In 1992, I worked for a data analysis firm that had to spend a considerable portion of its revenue to purchase data storage. I recall that a computer storing 10 gigabytes of data cost over $60,000 and measured several feet across. Today, the same capacity (at one hundred times the speed, in the palm of your hand) goes for under $60.
Technology advancements hold amazing promise for virtually every aspect of our lives. In the case above, information technology now provides exponentially more function, yet sells for 1/1000th the price! We all own communication and computing devices that are almost obsolete within months, while prices continually drop. Affordable cars are more powerful, while at the same time more fuel-efficient and safer. In other industries our gains have been in the form of convenience and flexibility. In a single generation, consumers have completely changed how they manage services like banking and travel, receive information through online sites, meet and connect through text, tweets, and social sites, and purchase billions of products and services every year through eBay, Amazon and Groupon.
Then there’s healthcare, where prices only go one direction: up.
We might ask ourselves: is medical science and technology so very different from every other field that we cannot expect to achieve more value at a lower price? Are patient-doctor interactions so unique that gains in computing and communications do not create similar improvements in flexibility and convenience?
No and no.
It is not just possible to get more value and quality at less cost; it could happen already if consumers demanded it. All that is missing is a vocal group of shoppers who care enough to ask tough questions about price, safety, and outcomes.
Invention (an entirely new product) and innovation (new ways of doing things) are both driven by efficient markets. They require suppliers who think they can build a successful business by selling the product, and purchasers who will buy it because it represents some combination of greater utility or lower price.
Right now, neither circumstance exists. Medical technology suppliers have no incentive to sell lower-cost items when payers will buy their high-cost items. Plus, actual buyers of the technology (hospitals, doctor’s offices, laboratories) get a larger reimbursement from billing your insurance for big-ticket items rather than small ones . At the same time, patients who have insurance often ignore price and remain oblivious to the low-value spending. The system itself is built to stifle game-changing discoveries. Without demand for better or cheaper solutions, invention and innovation are unlikely in any industry, and healthcare isn’t any different.

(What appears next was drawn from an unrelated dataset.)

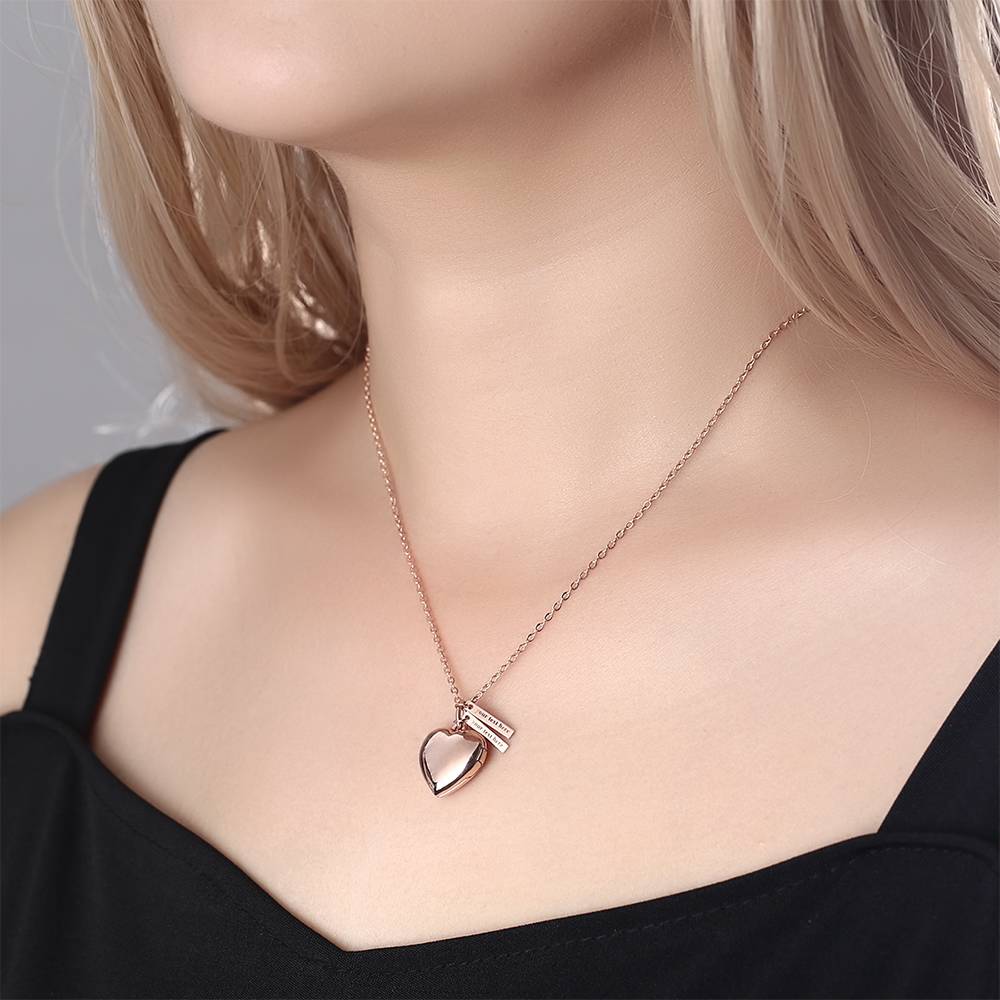 Any Photto - Personalized Couple Heart Photo Locket Necklace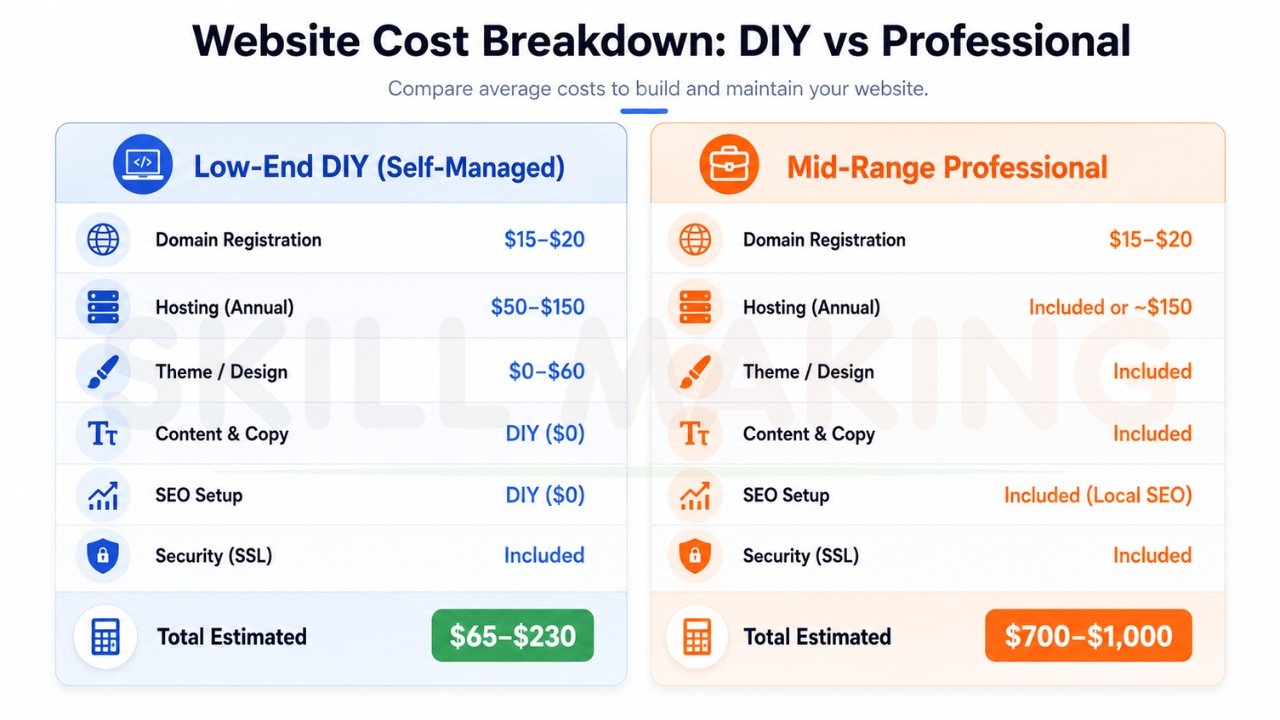 Entrepreneur reviewing an affordable business website on laptop and mobile with savings concept beside desk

Healthcare innovation IS HAPPENING—elsewhere. Watch this video on the TED website and see ideas about just how amazing medicine could be, for a much lower price. Among new developments are a fifty-dollar mobile device that can replace equipment costing $100K; and a mechanism using common materials to process 16 diagnostic blood tests for one cent without needing a technician or a laboratory (1). Both are simple ideas, innovations, made possible by consumers using their own money to purchase goods and services they need and can afford, and suppliers who are motivated to invent entirely different methods for providing care in places where people have limited money, resources, or access to trained professionals. This sort of innovation is real, rather than “taking today’s solution and trying to pull cost out.” The results are inspiring, but, as explained in the video, there is no market for such products in the US. Too many people benefit from high-cost healthcare and too few consumers care enough about price to call for more efficient, higher quality, and affordable alternatives.
Eliminating profit motive is not the answer.
I sometimes hear people discussing healthcare who place blame on businesses for wanting to make a profit on other people’s misery. However, we cannot assign fault to medical device-makers or drug manufacturers any more than we can blame hospitals for maximizing revenue, or doctors for lobbying lawmakers to cover their services under Medicare. Every stakeholder does what they can to secure survival and success. Even undertakers make a living providing necessary services, as much as we wish we didn’t need them. It isn’t distasteful for medical professionals to make money, but it is offensive to do so by hiding prices from the public and hoping consumers never ask.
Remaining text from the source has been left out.